The 12 Problems with Homebrewing

  1. Flat beer has to be carbonated after fermentation in an extra process step in bottles (4 weeks) or kegs (1 week).
  2. Fermentation occurs at ambient temperatures so gets cold at night & in winter and can takes weeks to complete.
  3. Clarification can take weeks.
  4. Beer must be transferred off the sediment which oxidises the product greatly and creates off-flavours.
  5. Too much work. Multiple vessels and transfers required. Bottling homebrew takes many hours.
  6. Experience is required to make a good beer.
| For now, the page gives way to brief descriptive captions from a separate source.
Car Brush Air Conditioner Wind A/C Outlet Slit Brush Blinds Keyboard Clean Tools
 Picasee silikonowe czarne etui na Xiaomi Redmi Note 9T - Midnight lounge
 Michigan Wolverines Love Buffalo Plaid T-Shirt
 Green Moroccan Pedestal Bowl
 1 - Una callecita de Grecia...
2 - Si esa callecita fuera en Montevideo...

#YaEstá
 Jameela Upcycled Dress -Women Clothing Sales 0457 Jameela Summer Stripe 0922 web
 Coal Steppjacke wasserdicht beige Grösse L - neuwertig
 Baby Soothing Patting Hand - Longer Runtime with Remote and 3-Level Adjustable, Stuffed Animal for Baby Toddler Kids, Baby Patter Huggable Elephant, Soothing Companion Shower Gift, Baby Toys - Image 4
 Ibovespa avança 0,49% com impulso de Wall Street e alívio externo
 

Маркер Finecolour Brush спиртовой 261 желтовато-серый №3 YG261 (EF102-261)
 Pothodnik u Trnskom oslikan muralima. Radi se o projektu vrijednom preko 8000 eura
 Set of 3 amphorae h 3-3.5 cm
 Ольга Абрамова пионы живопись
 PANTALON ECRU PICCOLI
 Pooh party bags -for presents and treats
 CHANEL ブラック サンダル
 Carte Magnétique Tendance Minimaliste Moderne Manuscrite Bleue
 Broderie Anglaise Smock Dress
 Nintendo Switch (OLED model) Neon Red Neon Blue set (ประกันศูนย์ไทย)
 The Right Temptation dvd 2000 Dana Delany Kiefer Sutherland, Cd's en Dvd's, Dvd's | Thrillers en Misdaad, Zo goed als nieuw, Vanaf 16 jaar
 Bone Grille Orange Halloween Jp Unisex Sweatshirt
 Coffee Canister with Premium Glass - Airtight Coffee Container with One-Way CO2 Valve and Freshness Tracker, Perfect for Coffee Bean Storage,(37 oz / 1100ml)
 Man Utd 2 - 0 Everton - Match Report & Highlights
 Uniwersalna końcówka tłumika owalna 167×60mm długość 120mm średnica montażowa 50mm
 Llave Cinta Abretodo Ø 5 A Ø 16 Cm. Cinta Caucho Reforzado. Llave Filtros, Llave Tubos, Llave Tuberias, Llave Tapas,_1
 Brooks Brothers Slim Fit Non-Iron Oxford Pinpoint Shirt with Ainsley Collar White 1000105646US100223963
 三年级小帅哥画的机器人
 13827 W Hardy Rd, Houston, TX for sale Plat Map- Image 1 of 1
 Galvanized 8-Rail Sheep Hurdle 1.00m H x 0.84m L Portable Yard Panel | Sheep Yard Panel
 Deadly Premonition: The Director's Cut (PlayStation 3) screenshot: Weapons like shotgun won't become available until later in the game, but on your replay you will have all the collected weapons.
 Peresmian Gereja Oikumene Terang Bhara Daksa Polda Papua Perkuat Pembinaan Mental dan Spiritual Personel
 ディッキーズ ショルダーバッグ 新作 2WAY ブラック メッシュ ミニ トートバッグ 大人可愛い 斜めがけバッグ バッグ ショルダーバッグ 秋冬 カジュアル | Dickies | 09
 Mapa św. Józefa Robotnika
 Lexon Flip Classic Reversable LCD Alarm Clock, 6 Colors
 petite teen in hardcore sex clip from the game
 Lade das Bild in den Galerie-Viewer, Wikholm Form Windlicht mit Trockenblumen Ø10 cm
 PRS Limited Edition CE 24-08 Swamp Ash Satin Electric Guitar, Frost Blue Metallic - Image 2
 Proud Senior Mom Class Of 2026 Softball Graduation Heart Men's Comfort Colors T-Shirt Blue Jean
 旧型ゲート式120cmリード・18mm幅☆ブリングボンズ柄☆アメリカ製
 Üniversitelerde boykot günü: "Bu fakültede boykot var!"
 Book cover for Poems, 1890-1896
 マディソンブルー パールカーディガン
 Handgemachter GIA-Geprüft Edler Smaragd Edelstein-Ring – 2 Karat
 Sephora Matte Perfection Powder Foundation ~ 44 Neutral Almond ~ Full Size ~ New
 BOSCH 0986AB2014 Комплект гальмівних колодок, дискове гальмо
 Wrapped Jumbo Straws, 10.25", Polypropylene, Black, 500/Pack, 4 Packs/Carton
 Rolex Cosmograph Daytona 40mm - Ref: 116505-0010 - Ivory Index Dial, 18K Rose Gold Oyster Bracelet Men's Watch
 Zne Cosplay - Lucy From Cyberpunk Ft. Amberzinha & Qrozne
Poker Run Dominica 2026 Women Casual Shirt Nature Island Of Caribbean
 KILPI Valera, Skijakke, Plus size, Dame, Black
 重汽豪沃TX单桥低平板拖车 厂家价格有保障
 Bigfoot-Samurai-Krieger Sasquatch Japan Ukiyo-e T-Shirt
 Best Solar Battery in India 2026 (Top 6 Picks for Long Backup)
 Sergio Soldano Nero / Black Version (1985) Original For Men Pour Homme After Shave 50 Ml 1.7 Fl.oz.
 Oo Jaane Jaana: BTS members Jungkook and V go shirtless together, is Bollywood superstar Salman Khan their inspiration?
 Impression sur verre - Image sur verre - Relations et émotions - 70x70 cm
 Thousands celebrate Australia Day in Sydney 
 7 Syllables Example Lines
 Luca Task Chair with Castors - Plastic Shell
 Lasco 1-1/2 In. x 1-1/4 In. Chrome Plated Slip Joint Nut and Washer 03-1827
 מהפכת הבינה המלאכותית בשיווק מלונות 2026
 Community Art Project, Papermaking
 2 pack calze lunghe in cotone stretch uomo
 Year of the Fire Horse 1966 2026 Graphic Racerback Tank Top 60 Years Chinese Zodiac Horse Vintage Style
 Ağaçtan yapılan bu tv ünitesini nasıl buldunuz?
Trial and error.
  7. Poor temperature control during fermentation leads to yeast making off-flavours or headache-causing  compounds.
  8. Poor cleaning and poor sterilisation which leads to many infected beers.
  9. Chronic beer oxidation due to transfers between vessels and into bottles and kegs.
  10. Bottled homebrew has a dead yeast layer at the bottom which contributes off-flavours.
  11. Old extract  is been kept warm for many months on the shelf, which contributes greatly to the homebrew flavour. 
  12. Old yeast is stored warm under the can lid which ensures a huge loss of vitality and viability, resulting in more homebrew flavours.

Result: The beer tastes like poorly produced homebrew.